ADA in the News
Disabled win suit over apartment access
Owners ordered to retrofit 2 projects, pay civil penalties, damages
by David Flaum
March 1, 2007
A six-year-old lawsuit over access for people with disabilities at two
apartment complexes ended this week with a settlement ordering owners
to fix up the projects.
Richard and Milton Grant Co., architects and engineers for Wyndham and
Camden Grove projects, also have to put $320,000 into a fund for similar
work on other homes, pay $110,000 in civil penalties and pay $10,000 in
damages to the Memphis Center for Independent Living.
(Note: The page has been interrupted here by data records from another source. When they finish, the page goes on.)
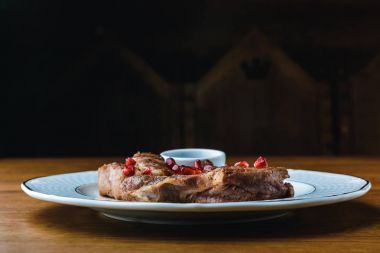 close-up view of delicious grilled steaks with pomegranate seeds on plate clipart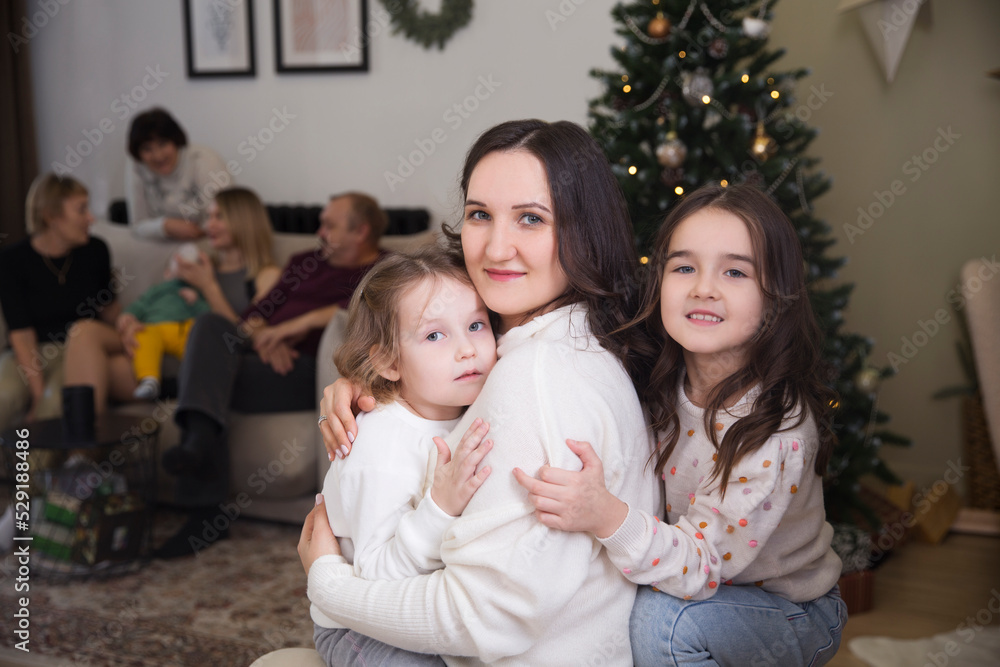 mom and two little daughters celebrate Christmas with family and friends at home. 
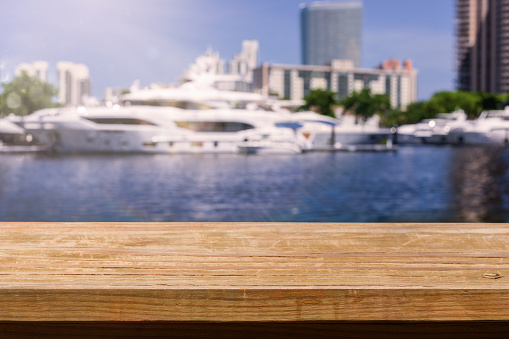 Summer background. Empty rustic wooden table with defocused sea, yachts and palm trees at background. Backdrop for product display on top of the table. Focus on foreground.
The center sued in 2001 saying the owners, architects and engineers violated
the Fair Housing Act and Americans with Disabilities Act in designing
and building Wyndham at 3200 Germantown Road and Camden Grove at 1571
Houston Levee.
Grant had to refit 166 ground floor rooms at Wyndham and 276 at Camden
Grove to accommodate handicapped tenants and fix public areas and access
to them, under the settlement approved by U.S. Dist. Judge Bernice Donald.
Most of that work is done, said Milton Grant, partner in the company
that owns the projects. He had no estimate of the cost.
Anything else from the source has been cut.